Один довольно известный газетчик, выйдя из больницы, рассказывал:
— Рядом со мной на койке лежал Лев Григорьевич из обувной артели. Он от радикулита маялся. Как-то просыпаюсь я от его стона. Ну, само собой, спрашиваю:
— Что, Лев Григорьевич, больно?
Он отвечает со стоном:
— Не-е-т.
Недоумеваю:
— А что же вы стонете?
— Было больно. Третьего дня очень больно было.
Надо зарубить себе на носу: уж если стонать, то от сегодняшней боли.
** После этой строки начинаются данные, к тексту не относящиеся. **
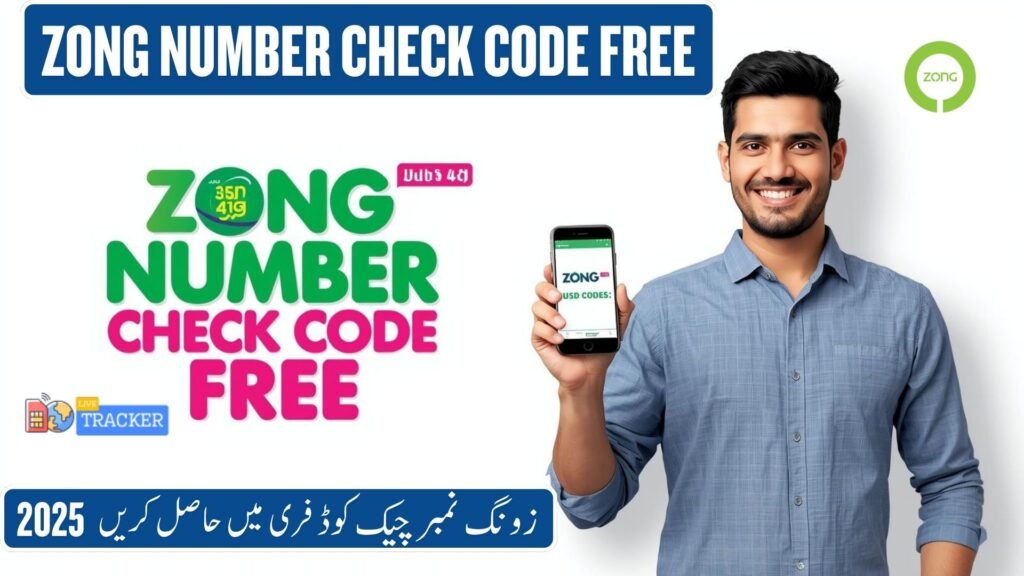 Zong Number Check Code Free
Про режиссера Хохлова, с сонными глазами посапывающего на репетициях, актеры Большого драматического театра говорили:
— Хохлов умер, но тело его живет.
А другого режиссера, тоже довольно известного и того же «почтенного» возраста, актеры прозвали:
— Бодрый маразм!
Вот бы под конец жизни угодить в золотую середину.
Мишке Софронову дали трешницу. Он сказал:
— На эти деньги я куплю барбарисок и раздам всем хулиганам в классе. Тогда они меня не будут бить.
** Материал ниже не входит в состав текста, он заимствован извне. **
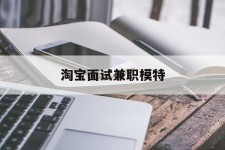 东海淘宝面试兼职模特(雇用5名新人兼职淘宝模特)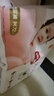 好奇（Huggies）铂金装小桃裤纸尿裤M144片(6-11kg)中号尿不湿【透爽散热】 实拍图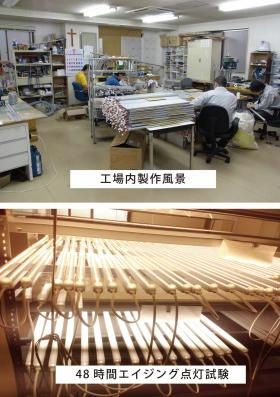 事業所の情報＿００７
И еще: как-то вхожу во двор и вижу такую картину — стоит, подбоченившись, глухонемой Петька, а перед ним на коленях Мишка. И бьет земные поклоны. Они сверстники.
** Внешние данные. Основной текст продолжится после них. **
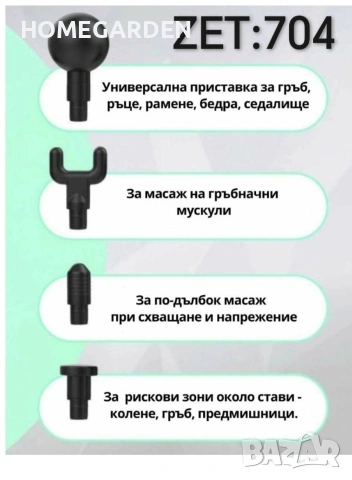 Масажор с 4 накрайника, снимка 4 - Масажори - 53701680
— Миша! Миша! — подзываю я коленопреклоненного.
Он поднимается, неторопливо отряхивает штаны и, пригладив хохолок, подходит ко мне.
— Чего это ты перед Петькой распластался?
— Да так, на всякий случай. Он ведь гроза нашего двора.
Поразительный парень этот Мишка. Очень современен. Далеко пойдет.
В последней сценической редакции Городничий у Гоголя, как известно, говорит:
«Я пригласил вас, господа, с тем, чтобы сообщить вам пренеприятное известие: к нам едет ревизор».
Пятнадцать слов.
А в первой редакции было:
«Я пригласил вас, господа… Вот и Антона Антоновича, и Григория Петровича, и Христиана Ивановича, и всех вас для того, чтобы сообщить одно чрезвычайно важное известие, которое, признаюсь вам, чрезвычайно меня потревожило. И вдруг сего дня неожиданное известие, что отправился из Петербурга чиновник с секретным предписанием обревизовать все относящееся по части управления и именно в нашу губернию, что уже выехал десять дней назад тому и с часу на час должен быть, если не действительно уже находится в нашем городе».
То есть 78 слов.
Во второй редакции было — 45.
В третьей — 32.
А в четвертой, как сказано, в беловой — 15.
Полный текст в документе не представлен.